Software versioning conventions - the software community standards
Jan 10th 21
Techopedia defines software versioning as the process of numbering different releases of a particular software program for both internal use and release designation. It allows programmers to know when changes have been made and track changes enforced in the software. At the same time, it enables potential customers to be acquainted with new releases and recognize the updated versions.
software versioning conventions or better identified as version naming conventions have been tagged as opinion-based, in other words, there is no correctly accepting answer, this is because the software community is very large and diverse, every team or organization believe that their approach to naming their build releases assists the team in troubleshooting situations.
In retrospect, the software community tends to agree and establish standards on certain conventions to help facilitate best practices. This leaves one wondering why after all these past decades, there is yet to exist a formal specification on how to approach naming software release versions.
Notwithstanding, the software community has seen the evolution of some software versioning convention schemes coined by the industry leaders, which has been applied by a large bunch of the community.
The Semantic versioning scheme has a well-detailed specification document which was originally authored by the co-founder of GitHub Tom Preston Werner, this versioning scheme solves the problem of dependency hell, preventing the occurrence of version lock and/or version promiscuity in software development while also communicating meaning with the version number.
Semantic versioning is a widely adopted version scheme that uses a sequence of three digits (Major. Minor. Patch), an optional pre-release tag, and an optional build meta tag. In this scheme, risk and functionality are the measures of significance. Breaking changes are indicated by increasing the major number (high risk), new non-breaking features increment the minor number (medium risk) and all other non-breaking changes increment the patch number (lowest risk). The presence of a pre-release tag (-alpha, -beta) indicates substantial risk, as does a major number of zero (0.y.z), which is used to indicate a work-in-progress that may contain any level of potentially breaking changes (highest risk).
- MAJOR version when you make incompatible API changes,
- MINOR version when you add functionality in a backward-compatible manner, and
- PATCH version when you make backward-compatible bug fixes.
Additional labels for pre-release and build metadata are available as extensions to the MAJOR.MINOR.PATCH format.
Opinions in the community also suggesting that the SemVer scheme is only suited for versioning APIs and not for user-facing software.
The CalVer Versioning names its release channels based on release calendar instead of arbitrary numbers, Microsoft, Ubuntu, Twisted, Pycharm, Teradata, etc are some of the notable projects which started or later switched to using the Calvar versioning scheme.

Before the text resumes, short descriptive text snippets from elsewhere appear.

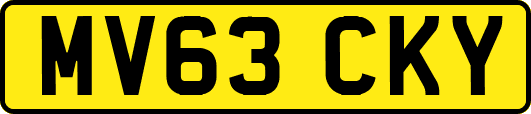 MV63CKY
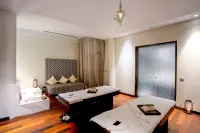 W Goa - spa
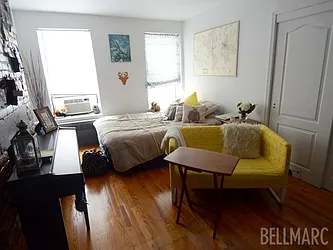 Rented by Bellmarc Realty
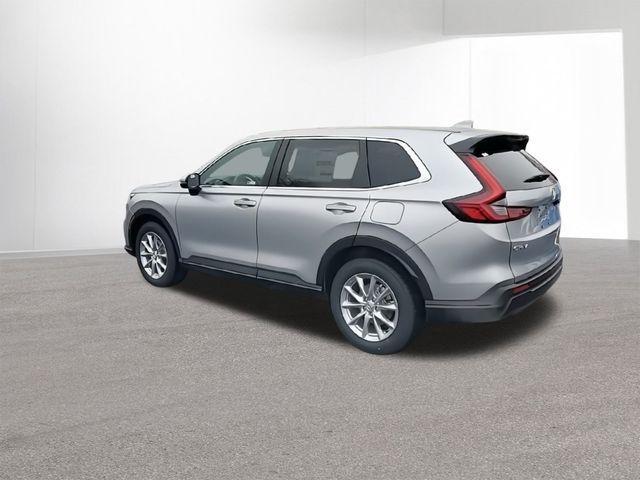 new 2026 Honda CR-V car, priced at $34,571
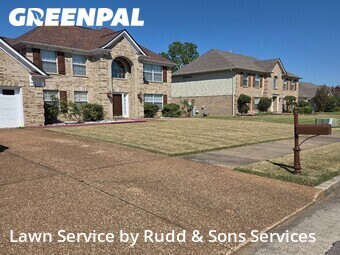 Yard Cutting nearby Lakeland, TN, 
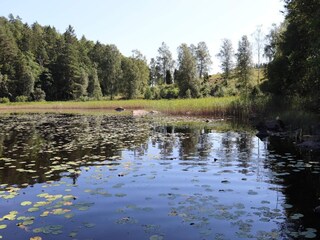 Vakantiehuis Simlångsdalen  21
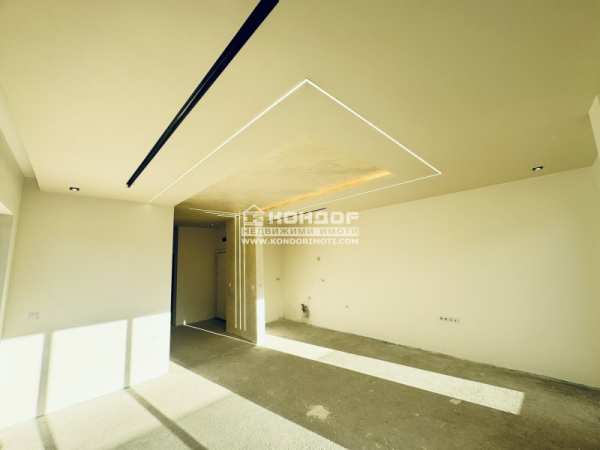 Продава 3-стаен, гр. пловдив, христо смирненски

Calvar Versioning assumes the Gregorian calendar as its default calendar, though not constrained to it.
How projects utilize the calendar in naming their releases is depends on the project management,
Ubuntu for example uses a three-segment CalVer scheme, with a short year and zero-padded month. It has done so from the very start, in October 2004, making 4.10 the first general release of Ubuntu, Ubuntu still uses the CalVar following the release of its latest version 20.04 which was released April 23rd, 2020
Also, Microsoft encodes date into its release numbers, Microsoft Windows 95, the first two digits indicate the number of months that have passed from the January of the year in which the project started (with each major Office release being a different project), while the last two digits indicate the day of that month. So 3419 is the 19th day of the 34th month after January of the year the project started.
The assertion is that Calendar Versioning is ideal for large projects which are constantly changing scope, time-sensitive projects, and changes are driven by some external factors.

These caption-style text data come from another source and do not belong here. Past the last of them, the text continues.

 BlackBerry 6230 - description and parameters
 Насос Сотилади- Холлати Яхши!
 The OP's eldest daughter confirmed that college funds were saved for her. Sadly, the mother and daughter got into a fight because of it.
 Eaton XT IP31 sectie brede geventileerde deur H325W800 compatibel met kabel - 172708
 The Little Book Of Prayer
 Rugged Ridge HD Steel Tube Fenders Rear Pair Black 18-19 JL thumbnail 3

The spring projects version naming scheme, even though coupled with the Spring Platform is an interesting and maybe even more satisfying solution problem of version lock and/or version promiscuity,
This scheme builds on top of the Semantic Versioning scheme, adding extra labels to the version naming.
- BUILD-SNAPSHOT - BUILD-SNAPSHOT is the current development release.
- M[number] - A Milestone release (M1, M2, M3, …) marks a significant stage in the release process.
- RC[number] - A Release Candidate (RC1, RC2, RC3, …) is the last step before building the final release.
At the very end of the release process, the Spring team produces a RELEASE.Consequently, this is usually the only production-ready artifact. We can also refer to this release asGA, for General Availability.
How to version your release is your choice, but the software community has in some sense favored the Semantic Versioning scheme, some of the notable reasons why the semantic versioning scheme is favored by a larger percentage of the community are highlighted below;
- Independent of project size - the SemVer scheme can be applied to any size of the project, from internal organization software to an enterprise’s software projects
- There is a formal specification - it becomes easy for users to understand your software currently stage by your versioning.
- A solution to dependency hell – the rules of semantic versioning if properly applied solves the problem of version lock and/or version promiscuity.
Some projects use the semantic versioning scheme as their main scheme while others combine the calendar versioning with the semantic versioning, ensuring non-technical users understand the software version without having to read the semantic versioning specification while also preventing the occurrence of dependency hell.
While some projects choose to apply some industry popular schemes, the essence of any versioning schemes is to enable smooth development, deployment, and better bug tracking in a software project.